Toast City

Saint Arnold's 2018 Pumpkinator Doesn't Hide the Spice

Long considered a top pumpkin beer, this local bottle packs plenty of spice.

By Timothy Malcolm October 30, 2018

Nothing says Pumpkinator more than pumpkin ... actually that's a flat-out lie.

I've heard more than a little bit about Saint Arnold Brewing Company's Pumpkinator. Long considered one of the better interpretations of the good ol' pumpkin beer, it leans more on fall spices than some faux pumpkin pie taste, then loads up on hops and malts to bring it to an ABV of about 10 percent. 

Pumpkin beers are often the target of disdain among those in the beer-drinking community, as they seem like cheap attempts to reel in non-devotees by using well-worn themes ("It's fall! Have pumpkin stuff!"). That said, who cares? People should drink what they want. Also, there is a space for these beers, especially if they're brewed with thought and heart. And Pumpkinator—which strives to be an authentic fall beer and not necessarily an October novelty—has always seemed to fall in that camp, especially if you read the glowing reviews. 

So, Saint Arnold made a big deal about its 2018 batch of Pumpkinator. According to the brewery, this year's specialty is the most expensive beer they've ever brewed, thanks to the deep roster of ingredients: molasses, brown sugar, and dry spices as if to recall the scent of Thanksgiving morning.

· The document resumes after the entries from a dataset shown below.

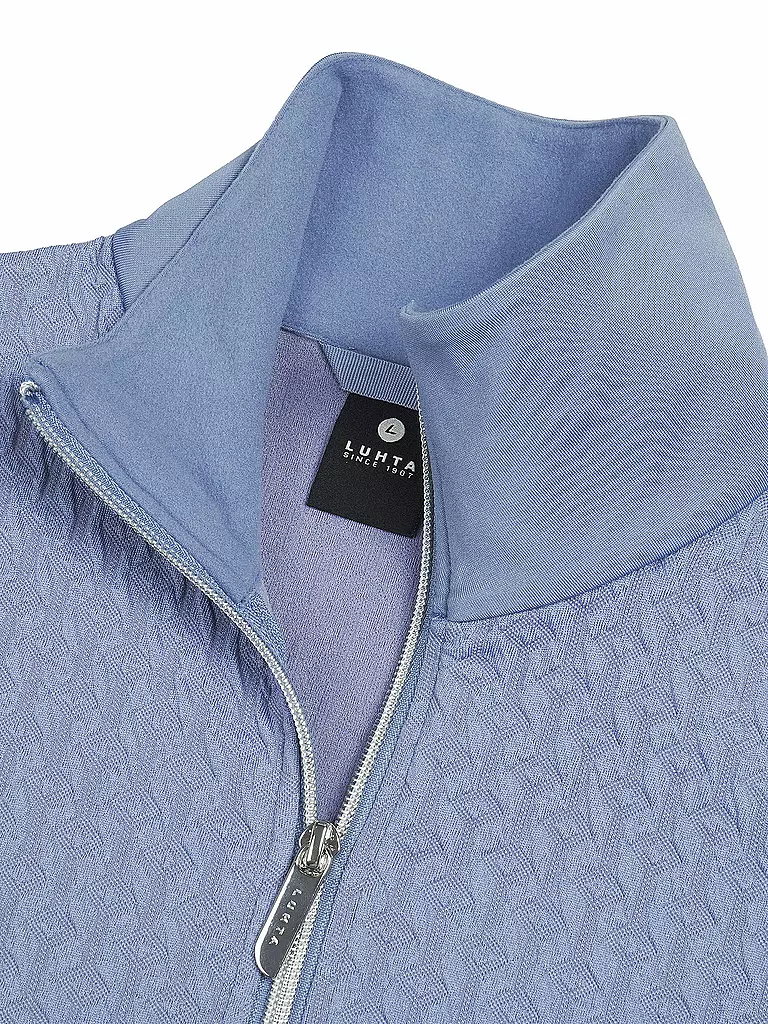 LUHTA | Veste Femme Engelsby |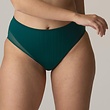 PrimaDonna Twist Prima Donna Twist Knokke tailleslip 46 jasper green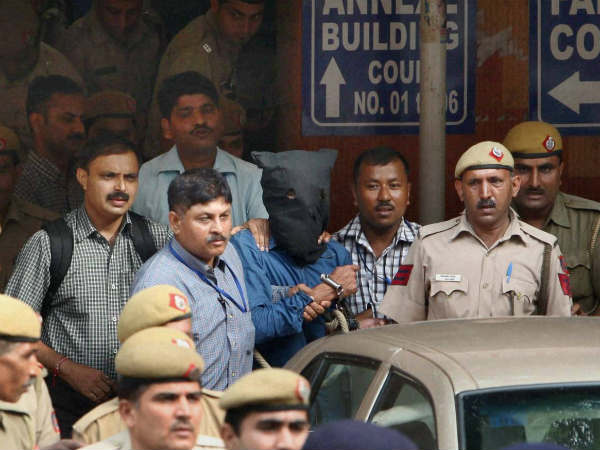 ಯಾಸಿನ್ ಬೆಳವಣಿಗೆ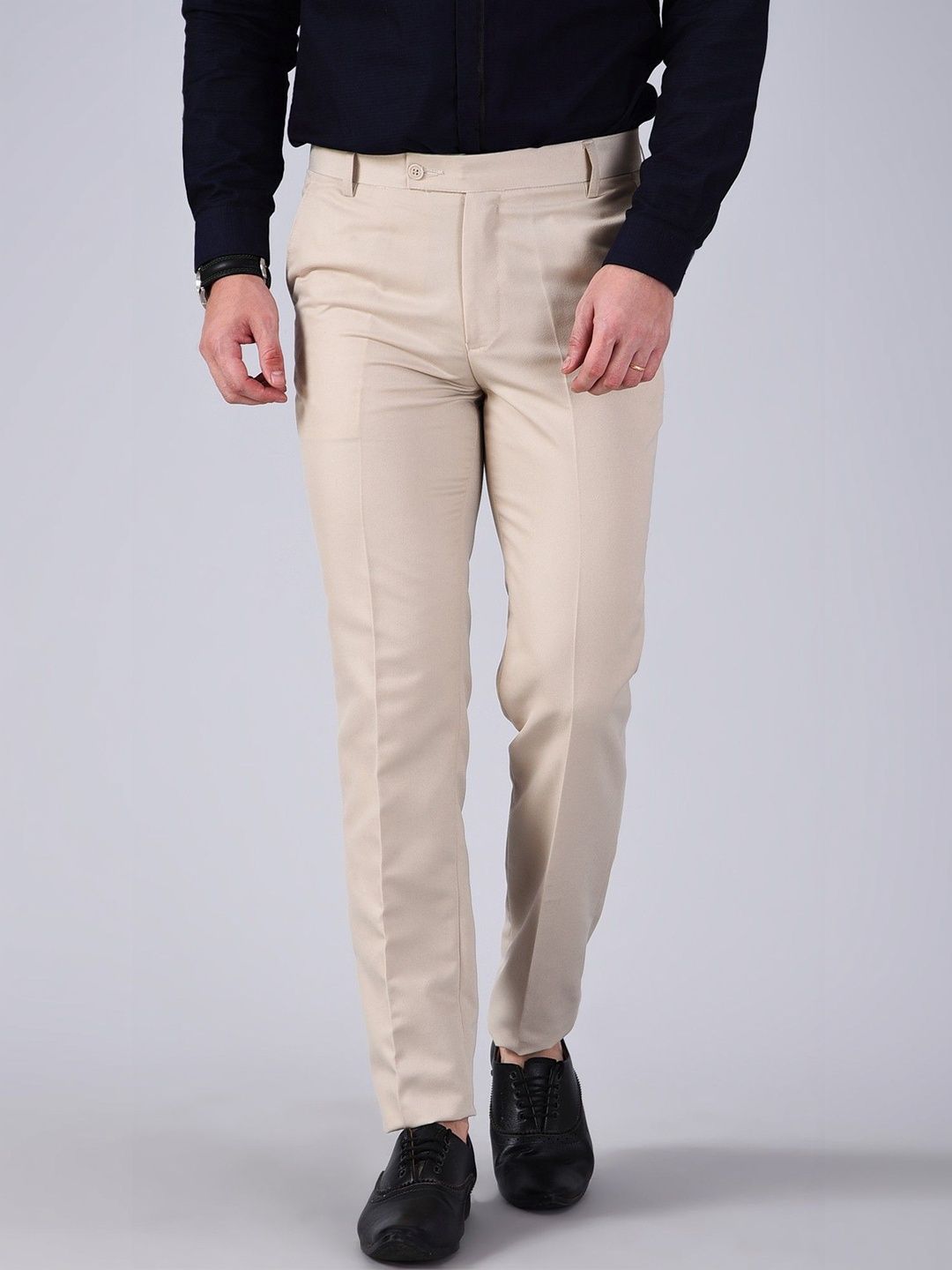 AD & AV Men Trousers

To me, however, it recalls grandmom's coffee table. A little more potpourri than cornucopia, upon first taste, the 2018 Pumpkinator is too strong for its own good. It's heavy on baking spices and a chocolate mouthfeel, and I actually wanted more of that round pumpkin foundation. 

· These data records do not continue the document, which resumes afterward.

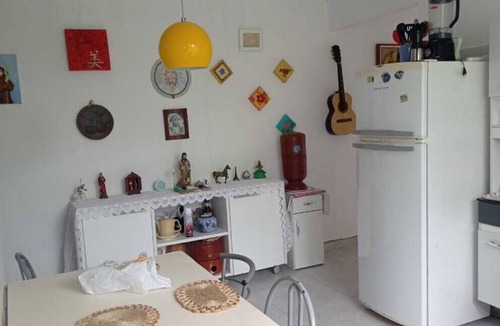 Cananeia House | House with Pool – Ideal for Families and Friends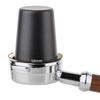 51/54/58mm Coffee Dosing Cup Wear Resistant Espresso Sniffing Mug  Espresso Machine Accessories
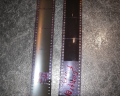 Thumbnail for version as of 02:38, 5 October 2026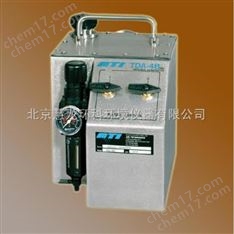 美國/ATI氣溶膠發生器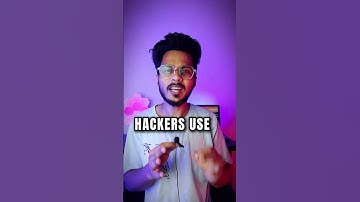 How to Find Hidden Parameters on Any Website Using ParamSpider in Kali Linux: Hacking Series Day 15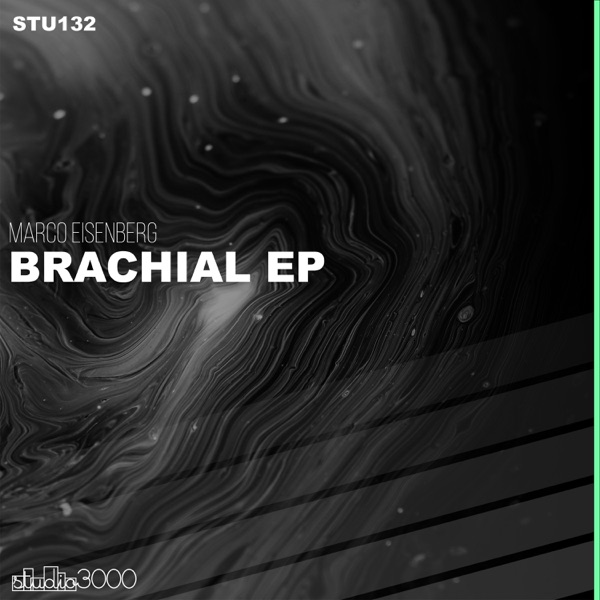 Brachial - Single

To be fair, this beer was consumed the night it was purchased, and Saint Arnold claims Pumpkinator is best enjoyed after a robust aging. I bought additional bottles for just that purpose, and I'm excited to let one go for another year. I'm even more excited to let a third bottle go for a few years beyond that.

But if you're looking to enjoy Pumpkinator right now, save it for Thanksgiving's dessert course.